By Kameron Clem
The first issue of the brand new “The Commuter,” Frederick Community College’s student newspaper launched on Friday March 4, 2016 and it marks a turning point in the newspaper’s life-cycle.
“The Commuter was an entirely different entity when we started the launch,” said Brian Taylor, current Editor-in-Chief of The Commuter.
The platform that The Commuter was running on was not congruent to the image that The Commuter wanted to present. “We were, at the time, less independent from the college itself and running on an entirely different technology platform,” Taylor added.
The Commuter, based on the social media pages on Twitter and Facebook, did not have a very strong presence. News posts were reaching maybe four to five people per week. It seemed that The Commuter’s future was unclear.
Student newspapers have one advantage over any other type of publication, and that is the ability to focus on campus issues more in depth. A point exemplified by the recent controversy at Mount St. Mary’s University.

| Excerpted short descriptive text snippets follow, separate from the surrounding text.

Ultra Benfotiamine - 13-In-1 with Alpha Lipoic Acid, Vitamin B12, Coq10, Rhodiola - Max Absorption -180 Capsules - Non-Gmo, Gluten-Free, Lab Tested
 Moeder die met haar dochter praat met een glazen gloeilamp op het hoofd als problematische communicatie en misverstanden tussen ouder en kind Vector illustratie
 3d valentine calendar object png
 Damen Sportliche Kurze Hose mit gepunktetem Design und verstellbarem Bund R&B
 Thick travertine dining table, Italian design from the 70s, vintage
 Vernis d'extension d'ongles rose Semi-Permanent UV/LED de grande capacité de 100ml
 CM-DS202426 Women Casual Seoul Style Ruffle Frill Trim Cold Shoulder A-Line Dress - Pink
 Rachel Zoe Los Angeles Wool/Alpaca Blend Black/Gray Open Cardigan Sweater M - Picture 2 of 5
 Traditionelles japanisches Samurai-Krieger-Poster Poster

Former president Simon Newman resigned in the wake of an article published in The Mountain Echo the student run newspaper for Mount St. Mary’s University. The article discussed Newman’s plan to “cull the class” by dismissing allegedly under-preforming first-year students. Coverage of the article and additional controversy surrounding Newman’s remarks made it all the way to the national stage with coverage in The Washington Post andThe New York Times.
“I think student newspapers can operate in a more refined area and get more in depth coverage about what is actually important to students at the time,” said Jas Leftwood, a recent graduate from Frederick Community College.
“The Frederick News Post might not write about a show going on at FCC but the student newspaper will because it will try anything to make students, even the small minority who are interested in the subject, feel included in campus life. A bigger publication sometimes just can’t afford to do that,” Leftwood continued.
According to a study published by Alloy Media + Marketing about seventy-six percent of all students have read their college newspaper, either digitally or in print, in the last thirty days. That number rises to eighty-two percent for readership of the last ninety days.
“Students who read their student newspaper are reading three out of five issues, on average,” Alloy noted later in the article.
Many people think that college newspapers are not only just as important as any other publication but are actually a necessity, and that they have just as much of a right to exist as other publications
One such person who holds that view is Alex Yahanda, a writer for the Johns Hopkins News Letter. Yahanda said that college newspapers are the experts on their own student population.
“After all, who better to publish articles encapsulating the ethos of student experiences than the students themselves,” asked Yahanda.
This brings the discussion back to The Commuter and why it is still around. The Commuter can operate in a small area but that small area affects thousands of students.